Asteroids have long played a part in building popular fascination with space. "Marooned off Vesta" was the first story published by American writer Isaac Asimov, the third story he wrote, appearing in the March 1939 issue of the science fiction magazine Amazing Stories.
"When we think of asteroid belts, we probably picture Han Solo maneuvering the millennium falcon through a dense set of irregularly shaped gray rocks in space," Christian Klimczak, associate professor in the Franklin College of Arts and Sciences department of geology. "While most rocks are indeed irregularly shaped and gray, they are far apart and NASA's Dawn spacecraft did not have to maneuver around any other asteroids to reach and explore Vesta."
Dawn was the space probe launched by NASA in September 2007 with the mission of studying two of the three known protoplanets of the asteroid belt, Vesta and Ceres.
Vesta, like Earth, is composed of rock in its crust and mantle, and it has an iron core. Because of its large size (for an asteroid) and because Vesta has a crust, mantle and core, it is considered a planetesimal. Planetesimals are building blocks out of which planets form. Earth formed by accretion of several such planetesimals. "Vesta was on the way to becoming an Earth-like planet, too, but planet formation stopped along the way there early in the history of our solar system," Klimczak said. "Therefore, studying Vesta helps us understand the very early days of our planetary neighborhood and how our own planet formed."
Klimczak is co-author on a new study that examines the large-scale troughs and impact basins on Vesta.
What created those giant troughs on Vesta?

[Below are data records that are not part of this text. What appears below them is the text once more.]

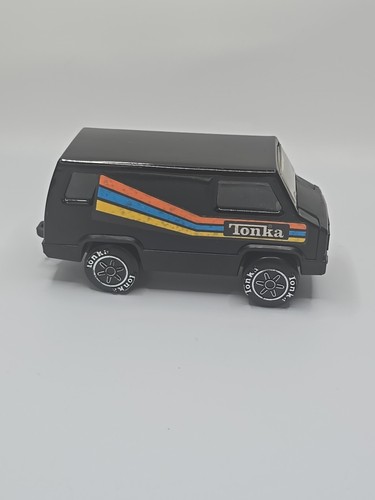 Rare tonka porthole - rare,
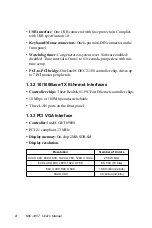 Preview for 12 page of Advantech MIC-3357 Instruction Manual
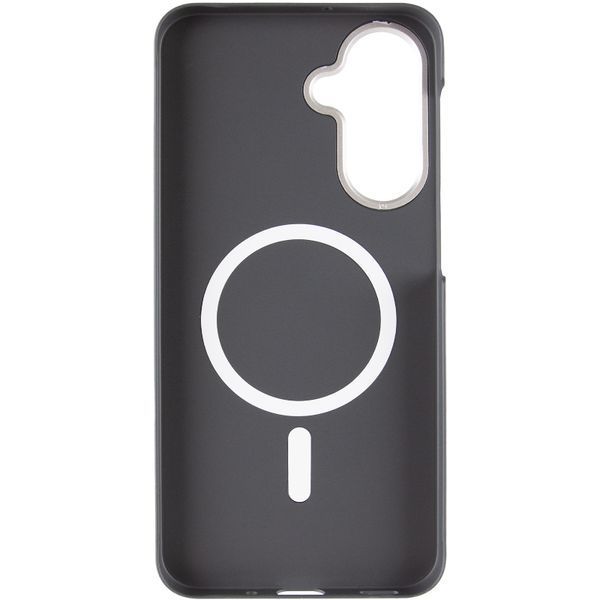 Чехол PC Synq with Magnetic Fit для Samsung Galaxy A18 / A17 Midnight Blue ILSO-00000086738-2 фото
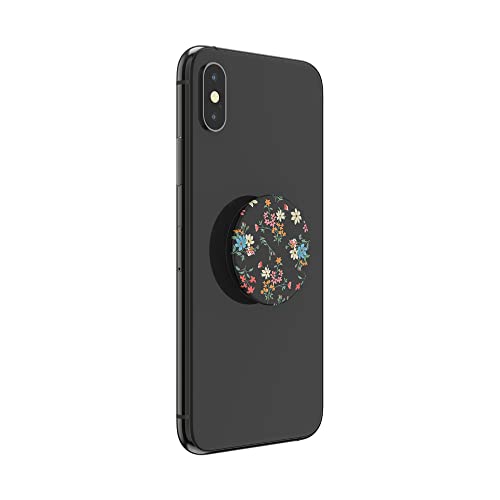 ââââPopSockets Phone Grip with Expanding Kickstand, PopSockets for Phone - Micro Blossoms by PopSockets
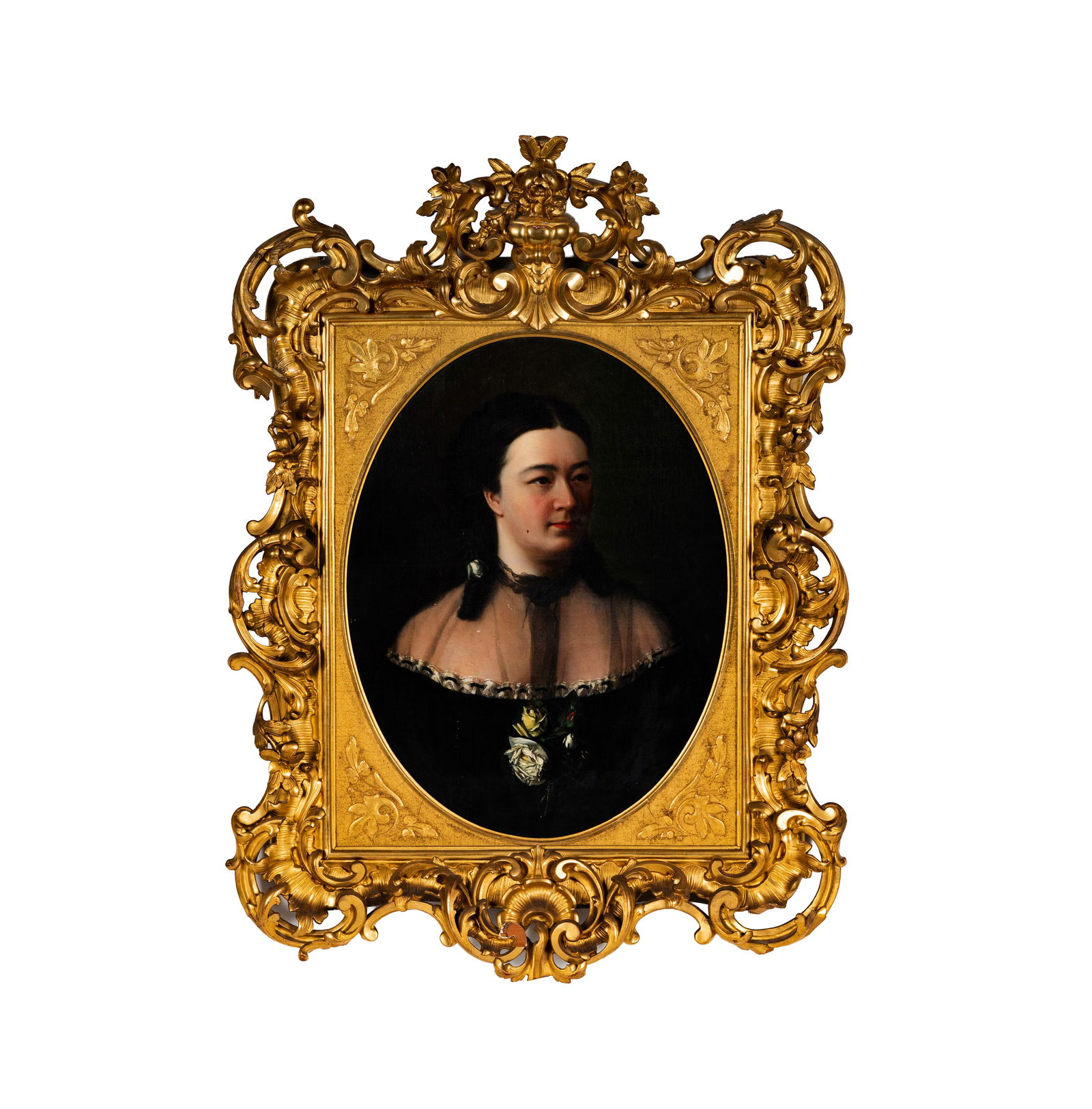 Portrait of a Lady (1 of 10)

Vesta was hit by two other large asteroids which left large impact craters so big they cover most of the southern hemisphere of Vesta. These impacts are thought to have ejected rocky material into space. Some of these rocks reached Earth as meteorites so scientists now have actual rock samples from Vesta to study its geochemistry.
"Rock properties are influenced by environmental conditions like surrounding stresses and the presence of water," said Jupiter Cheng, doctoral candidate in the department of geography and co-author on the study. "Since Vesta is much smaller than Earth, or even the moon, it has a weaker gravity, and rock would deform differently near the surface than what we see on Earth."

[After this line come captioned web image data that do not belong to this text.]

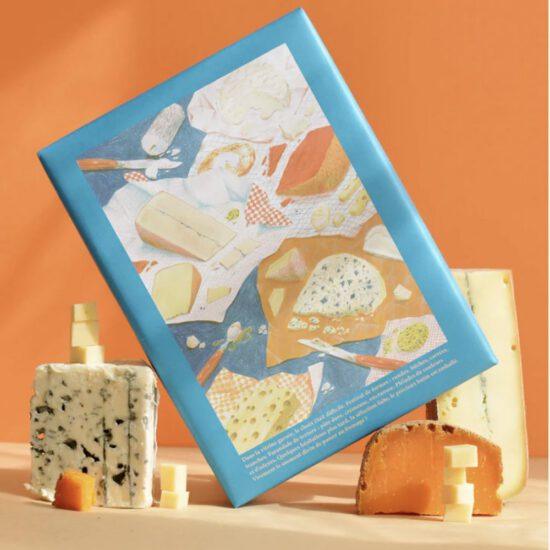PUZZLE PASSER AU FROMAGE - JOUR FERIE – Image 2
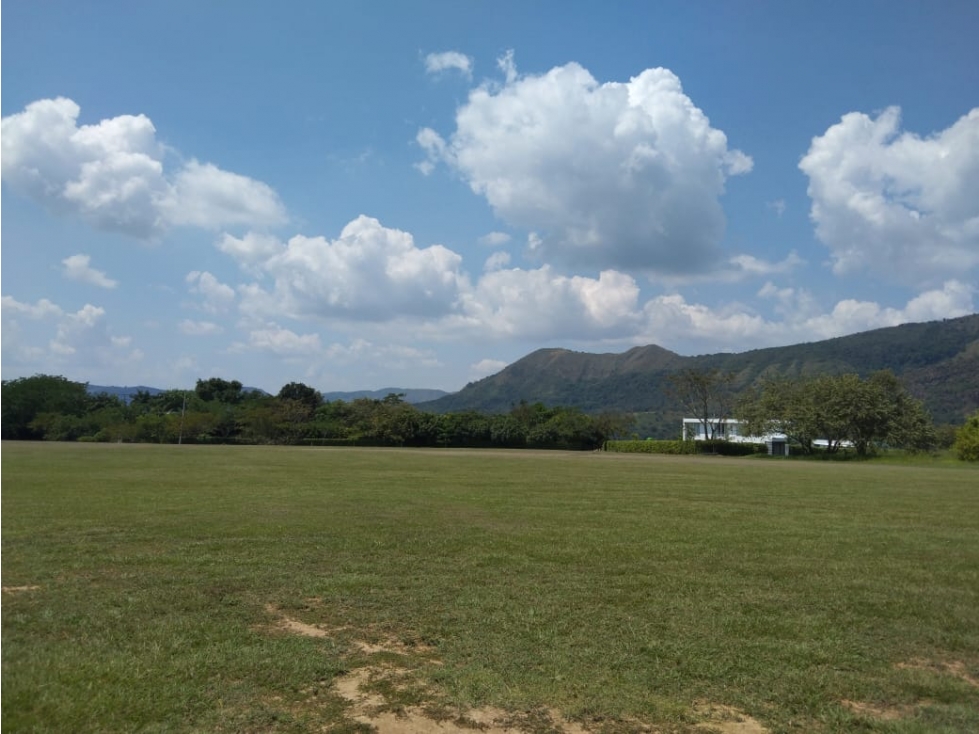 Venta Lote Condominio Campestre La Meseta de Santo Domingo, Nilo - 5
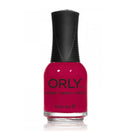 Orly Nail Lacquer - Rock-On-Red 20252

According to Cheng, one big question is what triggered the formation of these large troughs. The two troughs are concentric around the two massive impact basins, Rheasilvia and Veneneia, respectively, and widely considered to be simultaneously formed by the impact events, though this assumed age relationship has never been tested before.
"Our work used crater counting methods to explore the relative age of the basins and troughs," Cheng said. Crater counting is a common method for estimating the age of a planet's surface, a method based upon the assumptions that when a piece of planetary surface is new, then it has no impact craters; impact craters accumulate after that at a rate that is assumed known.
"Consequently, counting the number of craters of various sizes in a given area allows us to determine how long they have accumulated and, consequently, how long ago the surface formed," she said. "Our result shows that the troughs and basins have a similar number of the crater of various sizes, indicating they share a similar age. However, the uncertainties associated with the crater counts allow for the troughs to have formed well after the impacts.
The origin of the troughs has long been a point of conjecture within the scientific community. Klimczak hopes their new geologic evidence can promote a more-durable theory about the troughs on Vesta.
The study is published in the September issue of the journal Icarus.
A new theory is proposed in an upcoming paper
"The leading hypothesis suggests that these troughs are fault-bounded valleys with a distinct scarp on each side that together mark the down-drop (sliding) of a block of rock. However, rock can also crack apart and form such troughs, an origin that has not been considered before," said Cheng, who is investigating the origin of the troughs as part of her dissertation at UGA.
"Our calculations also show that Vesta's gravity is not enough to induce surrounding stresses favorable for sliding to occur at shallow depths, instead, the physics shows that rocks there are favored to crack apart," she said. "Therefore, the formation of these troughs must involve the opening of cracks, which is inconsistent with the leading hypothesis in the scientific community. Taken all together, the overall project provides alternatives to the previously proposed trough origin and geological history of Vesta, results that are also important for understanding similar landforms on other small planetary bodies elsewhere in the solar system."